# Find an angle in the figure defined by a equilateral triangle and a regular pentagon

Given the figure below, were the triangle MNP is equilateral and the pentagon ABCDE is regular, find the angle $\angle$CMD. Background: I am a 9th grader that has some experience in math contests. This is question 4 (level 2) from the third stage of the 2012 Brazilian Math Olympic (OBM). The answer was not given.

My attempt:

(1)The triangle MNP is equilateral, so: $$\angle MNR=\angle NRM=\angle RMN=60°$$ $$\overline {MN}=\overline {NR}=\overline {RM}$$

(2)The pentagon ABCDE is regular, so: $$\angle A=\angle B=\angle C=\angle D=\angle E=a$$ $$a=\frac {180°(n-2)}{n}$$ $$n=5$$ $$a=\frac{180°(3)}{5}=108°$$

(3)The figure is symmetric, with the axis of symmetry defined by M and the midpoint of $\overline {NP}$, so: $$\triangle BCN=\triangle EDR$$ $$\overline {MB}=\overline {MD}$$ $$\overline {MC}=\overline {MD}$$

Using (1), (2), (3) and the knowledge that the sum of the internal angles of a triangle is 180°, I deduced that: $$\angle NBC=\angle DER=48°$$ $$\angle BCN=\angle EDR=72°$$ $$\angle MBA=\angle MEA=24°$$

I tried to prove that the $\overline {CD}$ is congruent to $\overline {ND}$ and $\overline {DR}$, but discovered it couldn't be true because $\triangle BNC$ and $\triangle EDR$ are scalene (the angles are different), and the side $\overline {BN}$ of $\triangle BNC$ and the side $\overline {ER}$ of $\triangle EDR$ are already congruent to $\overline{CD}$, and because the triangles are scalene, the other sides cannot be equal to $\overline {CD}$.
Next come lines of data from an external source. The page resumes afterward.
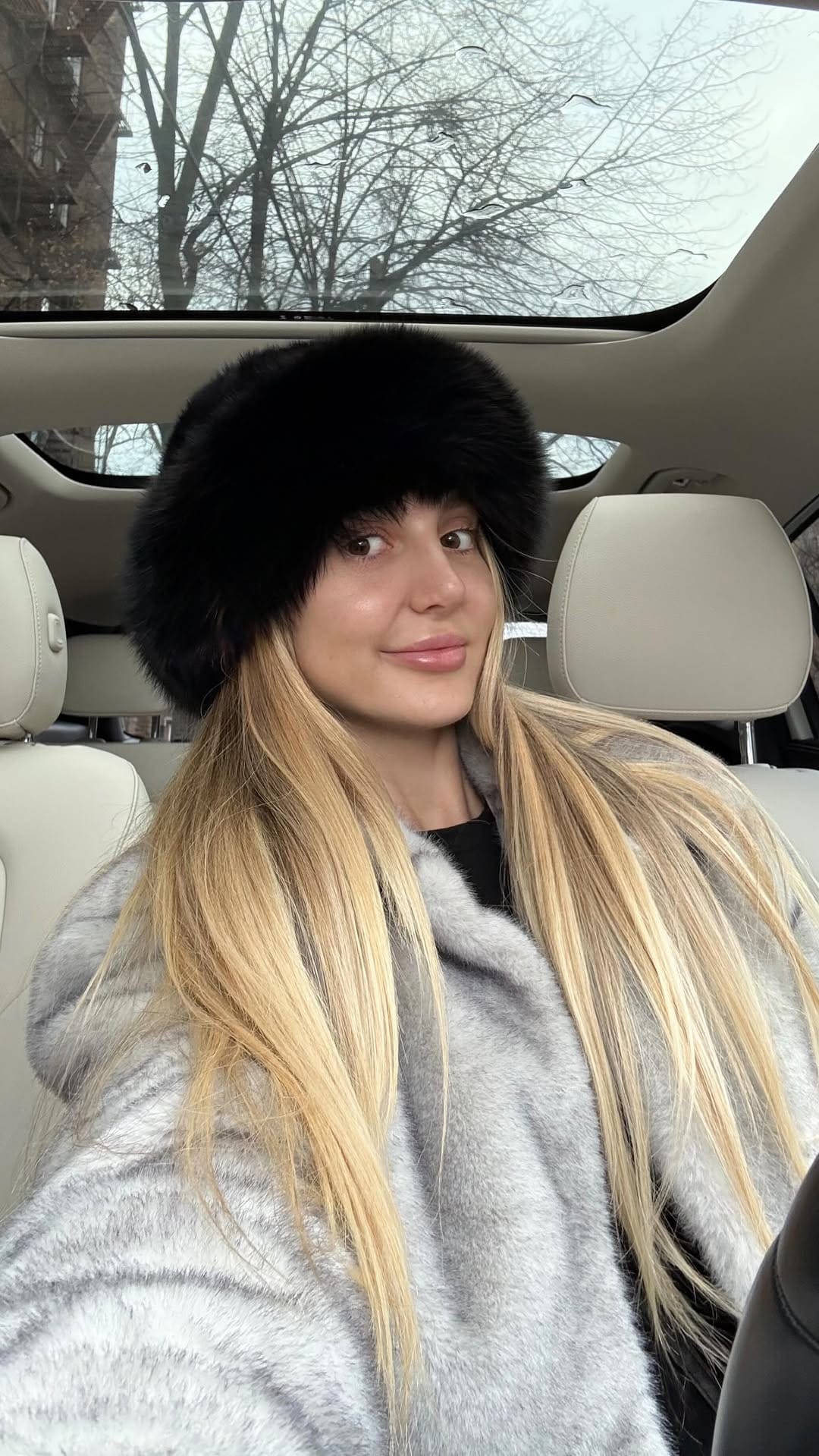 Post 3 by 𝓛𝓮𝓪𝓷𝓪 𝓢𝓱𝓮𝓲𝓷 on Instagram (video)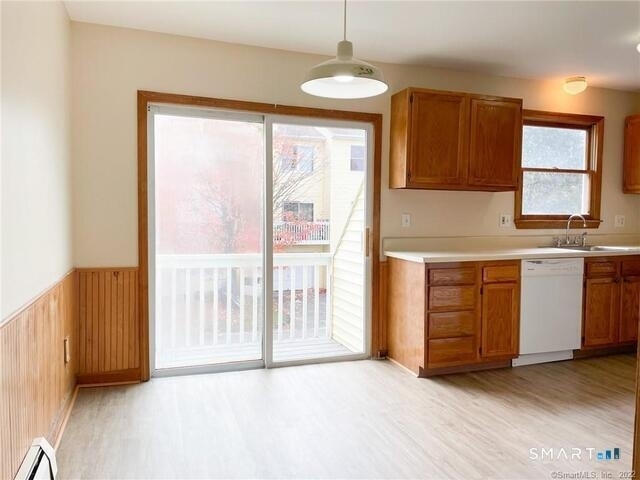 77 Marion Avenue - Photo 13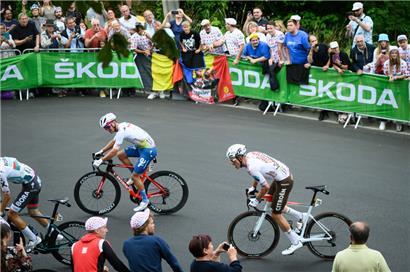Bob Jungels (rechts) fuhr am Donnerstag lange ganz vorne mit 
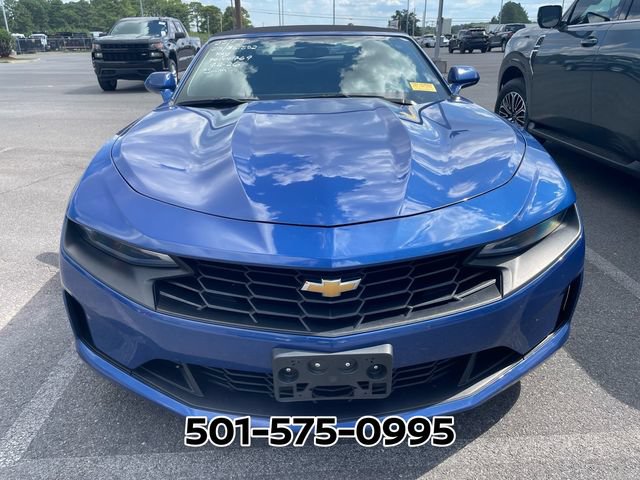 Used 2023 Chevrolet Camaro LT RWD image 2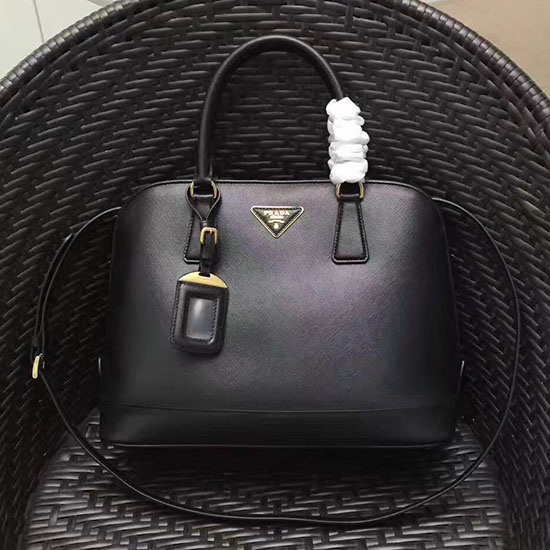 черна чанта с горна дръжка Prada Saffiano Bl2558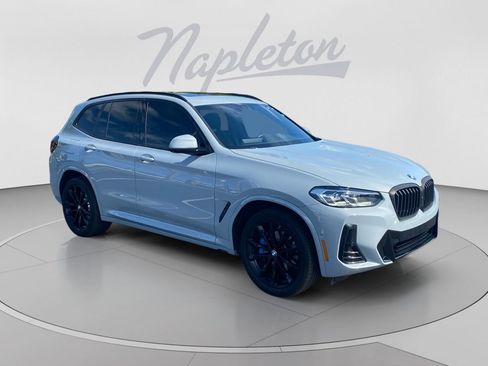 Used 2024 BMW X3 sDrive30i w/ M Sport Package RWD image 8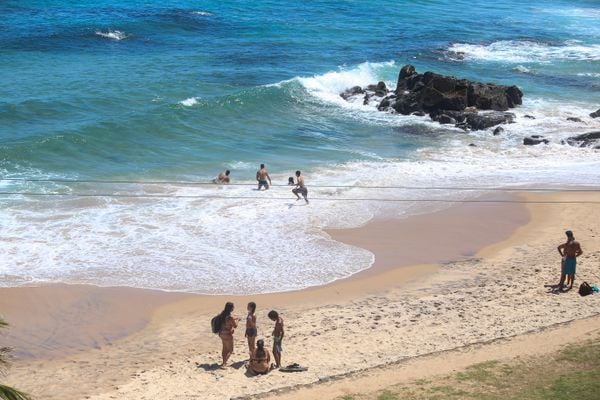 Praia do Farol da Barra por Tiago Caldas/CORREIO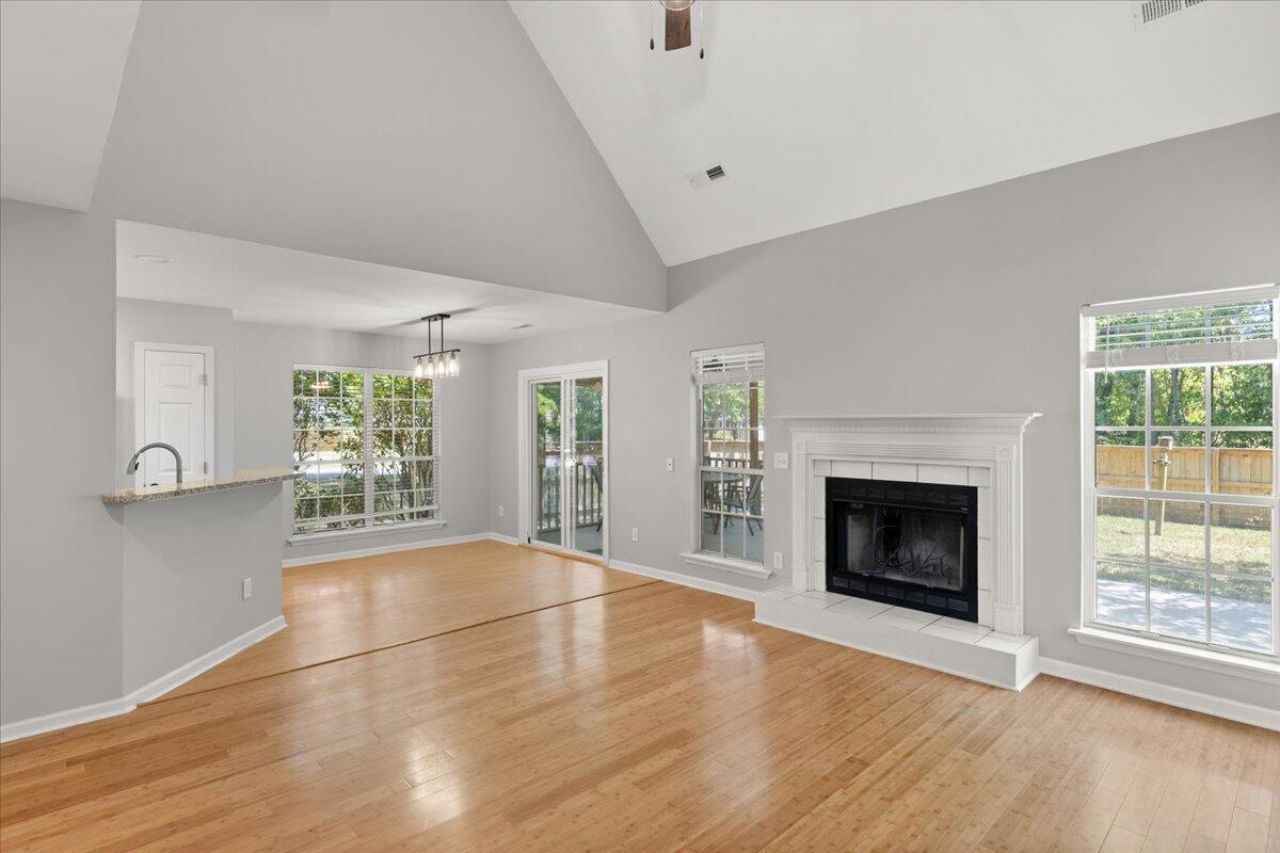 3250 Morningdale Drive Photo 8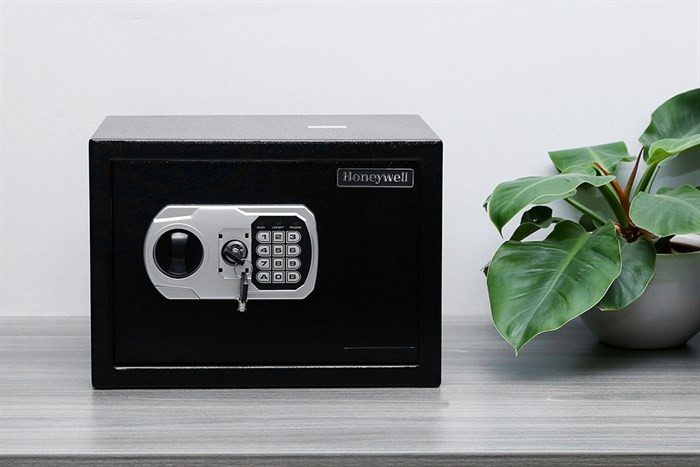 Két sắt cá nhân 14.4 lít Honeywell điện tử 5110 Màu Đen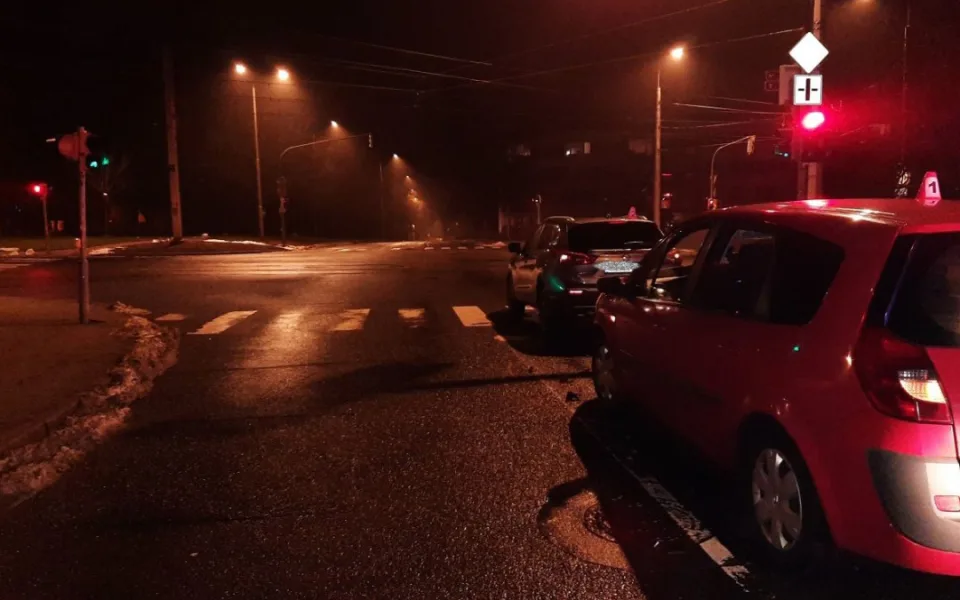 Mladý řidič na červené nedobrzdil a narazil do auta před sebou. Nadýchal skoro tři promile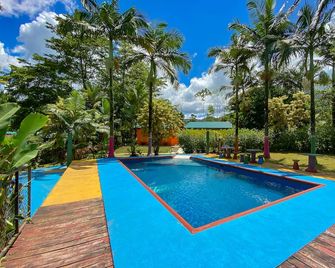 Hotel Faro Arenal - La Fortuna - Uima-allas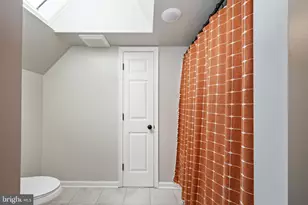 10752 Bridlerein Ct, Spotsylvania, VA 22553 - Photo 32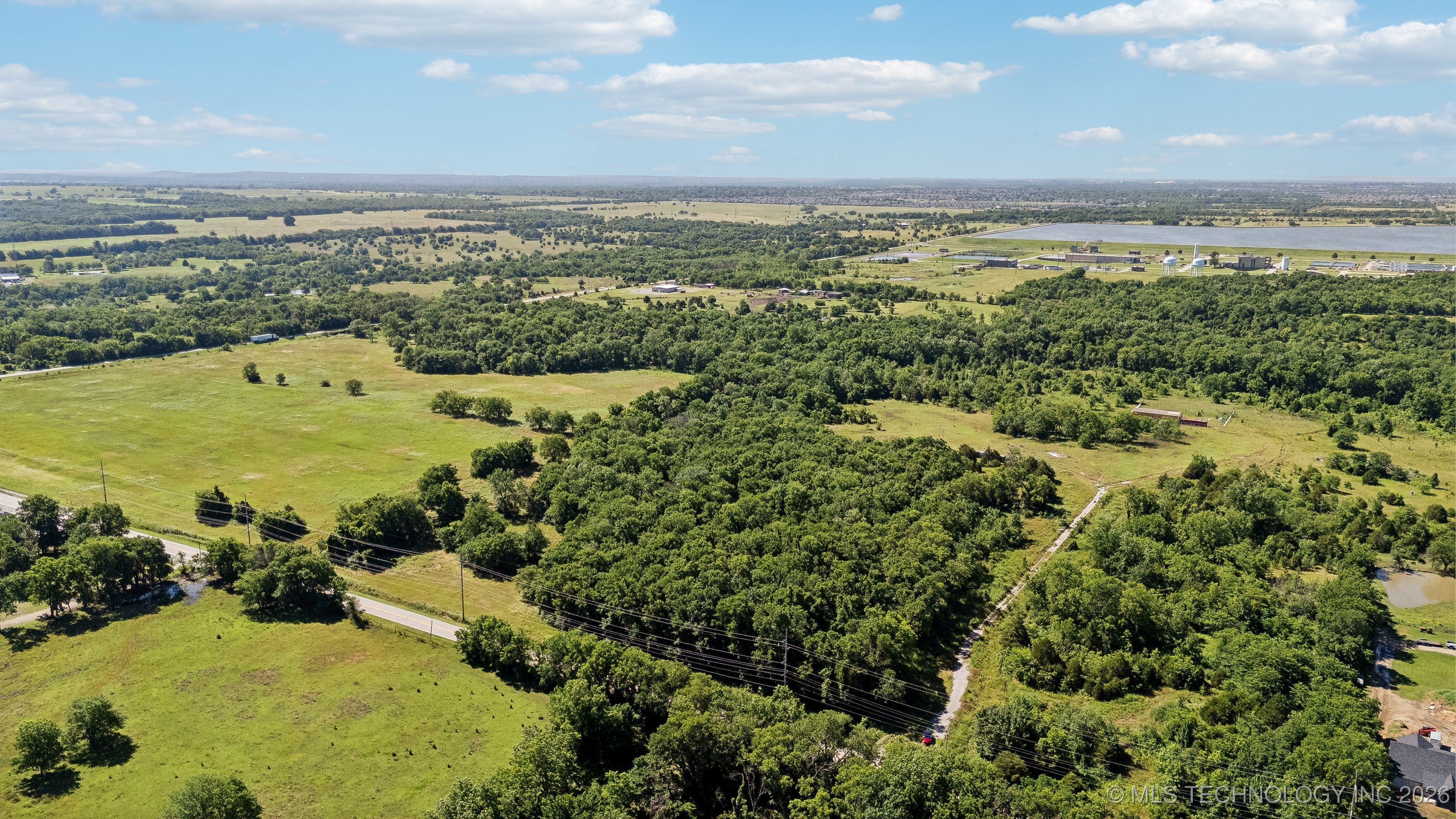 16800 E 11th Street Property Photo 23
Then I got stuck. Any help is appreciated.

Note that $BM=BE=BD$ so $B$ is the circumcenter of $\triangle DEM$. It follows that $$\angle EDM = \frac 12 \angle EBM = \frac 12 \cdot 60^\circ = 30^\circ.$$ Now, $$\angle MDC = \angle EDC - \angle EDM = 108^\circ - 30^\circ = 78^\circ.$$ By symmetry $\angle DCM = 78^\circ$. Therefore $$\angle CMD = 180^\circ - \angle MDC - \angle DCM = 24^\circ.$$
Hint: without loss of generality, we can set $MN=1$, then the altitude $MK$ of $\triangle{NMP}=\frac{\sqrt{3}}{2}$. This altitude will also be the altitude of the $\triangle{CMD}$ and the bisector of the angle in question. Now using law of sines and $\triangle{NBC}$, we can obtain that $$CD=\frac{1}{1+4\frac{sin \: 48°}{\sqrt{3}}}$$ Now that we know base and altitude in the $\triangle{CMD}$, it's not difficult to find the required angle.